COWEN: Let me press you on two of the things you say in the book. There are two things you said that surprised me, so let me try to become unsurprised. I think it’s on page 33, you said, “Of all the characters in the Book of Samuel, the one you could best imagine as also being a king is Jonathan because Jonathan had a capacity for self-sacrifice.”
WOLPE: Right.
COWEN: And that surprised me because, again, I’m very much a novice on this territory, but I think of him as a little too nice a guy and not strong enough, in the right way, to actually be a king in that time.
WOLPE: I think you’re probably right. I could imagine him as a king. First of all, he was the son of the king, so he was the natural heir. And as we know, that often happens — that the natural heir may not be the fitting king. And also, I thought that Jonathan was the kind of person that people would be drawn to, but I think that that’s probably a worthy caveat: He probably would’ve gotten killed in the kingship in a way that David was too strong a personality and too crafty an operator to allow himself to be killed.
On Chronicles as the boring version of Samuel
COWEN: Now on page 18, there’s a claim you make and I don’t want to misquote you here, but I understand you to be saying something like, “Chronicles is like a boring retelling of the story of David.”
WOLPE: That’s almost a direct quote. I said, “Chronicles is Samuel made boring.”
COWEN: But again, coming to this as an outsider, I read Chronicles, I think of Chronicles as the very long-run perspective, saying that all of these events of the moment, which are so dramatic, so emotional, so engrossing, they seem to be what’s so relevant. Just like we’re all entranced by Twitter or the daily news.

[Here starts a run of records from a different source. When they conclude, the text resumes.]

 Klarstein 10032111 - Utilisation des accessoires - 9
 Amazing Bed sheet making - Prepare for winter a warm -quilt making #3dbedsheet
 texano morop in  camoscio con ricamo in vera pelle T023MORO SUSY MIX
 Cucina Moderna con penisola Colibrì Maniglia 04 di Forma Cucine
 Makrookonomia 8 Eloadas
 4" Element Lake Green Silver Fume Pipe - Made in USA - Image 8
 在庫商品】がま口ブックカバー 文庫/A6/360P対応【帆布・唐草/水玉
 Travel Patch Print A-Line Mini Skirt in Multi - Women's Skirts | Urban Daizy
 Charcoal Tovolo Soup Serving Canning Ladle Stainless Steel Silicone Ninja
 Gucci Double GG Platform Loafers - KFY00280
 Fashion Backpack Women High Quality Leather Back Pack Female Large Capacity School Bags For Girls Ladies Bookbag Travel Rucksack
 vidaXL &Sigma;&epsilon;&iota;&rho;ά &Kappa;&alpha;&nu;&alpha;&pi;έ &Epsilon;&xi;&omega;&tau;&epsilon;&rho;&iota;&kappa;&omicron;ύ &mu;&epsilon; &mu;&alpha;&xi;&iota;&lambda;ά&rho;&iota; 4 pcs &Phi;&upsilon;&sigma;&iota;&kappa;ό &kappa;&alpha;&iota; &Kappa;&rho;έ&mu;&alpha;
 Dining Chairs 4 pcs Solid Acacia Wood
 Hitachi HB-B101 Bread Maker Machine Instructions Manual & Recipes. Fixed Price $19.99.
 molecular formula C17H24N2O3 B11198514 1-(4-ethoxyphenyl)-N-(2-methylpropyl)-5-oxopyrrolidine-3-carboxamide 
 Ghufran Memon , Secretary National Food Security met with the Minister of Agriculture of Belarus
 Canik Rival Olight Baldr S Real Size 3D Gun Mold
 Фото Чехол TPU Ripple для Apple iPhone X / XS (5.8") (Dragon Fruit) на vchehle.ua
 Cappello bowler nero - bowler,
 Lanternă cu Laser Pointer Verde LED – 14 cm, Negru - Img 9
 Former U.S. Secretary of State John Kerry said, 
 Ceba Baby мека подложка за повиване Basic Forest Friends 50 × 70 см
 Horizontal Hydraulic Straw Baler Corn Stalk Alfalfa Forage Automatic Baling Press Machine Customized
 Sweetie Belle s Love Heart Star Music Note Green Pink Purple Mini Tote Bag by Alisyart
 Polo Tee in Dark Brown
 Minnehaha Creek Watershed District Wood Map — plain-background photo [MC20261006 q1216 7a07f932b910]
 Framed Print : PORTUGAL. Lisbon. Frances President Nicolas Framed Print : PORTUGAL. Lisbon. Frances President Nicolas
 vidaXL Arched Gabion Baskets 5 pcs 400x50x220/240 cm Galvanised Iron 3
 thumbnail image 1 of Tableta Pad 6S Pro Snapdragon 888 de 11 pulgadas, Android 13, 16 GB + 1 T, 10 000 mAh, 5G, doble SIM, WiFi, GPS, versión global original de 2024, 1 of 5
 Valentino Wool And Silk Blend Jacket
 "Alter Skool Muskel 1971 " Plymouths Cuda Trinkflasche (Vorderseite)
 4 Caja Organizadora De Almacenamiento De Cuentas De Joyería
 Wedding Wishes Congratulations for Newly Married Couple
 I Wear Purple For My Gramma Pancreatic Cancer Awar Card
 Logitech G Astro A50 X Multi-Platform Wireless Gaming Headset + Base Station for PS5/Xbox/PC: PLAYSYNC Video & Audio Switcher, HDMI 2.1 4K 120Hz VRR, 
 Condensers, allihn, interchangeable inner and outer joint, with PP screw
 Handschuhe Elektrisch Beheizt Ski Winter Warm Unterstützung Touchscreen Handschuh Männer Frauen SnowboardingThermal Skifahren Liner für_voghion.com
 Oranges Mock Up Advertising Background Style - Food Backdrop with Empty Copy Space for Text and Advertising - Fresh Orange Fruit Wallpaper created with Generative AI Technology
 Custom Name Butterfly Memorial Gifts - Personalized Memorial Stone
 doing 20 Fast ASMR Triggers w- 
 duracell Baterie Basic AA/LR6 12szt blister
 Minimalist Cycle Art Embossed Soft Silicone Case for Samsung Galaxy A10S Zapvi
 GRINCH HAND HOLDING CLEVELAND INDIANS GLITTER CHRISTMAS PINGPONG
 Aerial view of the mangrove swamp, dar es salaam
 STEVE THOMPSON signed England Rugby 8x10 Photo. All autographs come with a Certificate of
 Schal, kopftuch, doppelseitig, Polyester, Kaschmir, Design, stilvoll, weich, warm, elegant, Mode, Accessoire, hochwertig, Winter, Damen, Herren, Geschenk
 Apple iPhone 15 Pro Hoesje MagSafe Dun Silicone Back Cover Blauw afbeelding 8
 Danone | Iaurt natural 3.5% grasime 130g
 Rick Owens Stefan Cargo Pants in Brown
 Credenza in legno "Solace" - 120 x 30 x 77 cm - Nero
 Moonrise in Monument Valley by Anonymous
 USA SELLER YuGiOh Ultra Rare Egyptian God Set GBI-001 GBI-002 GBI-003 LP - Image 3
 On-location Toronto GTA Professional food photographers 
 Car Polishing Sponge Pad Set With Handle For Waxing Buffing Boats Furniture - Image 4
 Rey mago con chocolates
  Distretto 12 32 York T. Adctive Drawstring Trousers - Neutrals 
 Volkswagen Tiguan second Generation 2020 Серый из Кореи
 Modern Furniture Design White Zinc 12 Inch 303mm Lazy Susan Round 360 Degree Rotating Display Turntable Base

But ultimately, what matters is the long run of history. Does the kingdom survive? And it’s actually the contrast between the extreme impersonality of Chronicles and the deeply personal story of Book of Samuel — that are these multiple duelers competing, layers or levels of wisdom. And that, that’s better than either book taken alone. Am I off base there?
WOLPE: No, I think that’s a beautiful explanation. I would say two things about it: One is, if you’re writing this story of David, and you’re writing the story of David as opposed to, say, a political analysis of David’s kingship, then you want the story at its most dramatic, full of blood and fury and sex and betrayal and so on. And that’s in Samuel.
The second is that Chronicles — it’s not just that Chronicles is . . .
When I said it was made boring, what I meant was, not that it’s a dry textbook as opposed to a bodice ripper of a romance novel. But that it takes the very humanness of David and tries to sanctify him, in a way that I think is untrue to David’s character. It’s the first time, for example, that the character of the Satan appears as an inciter. He incites David to do something bad, so that way you don’t have to blame David that he did it.
And in that sense, I think the Chronicles is a sanitizing of the real history of David, even though it may be a more interesting political — I don’t know — more interesting, a different political lens.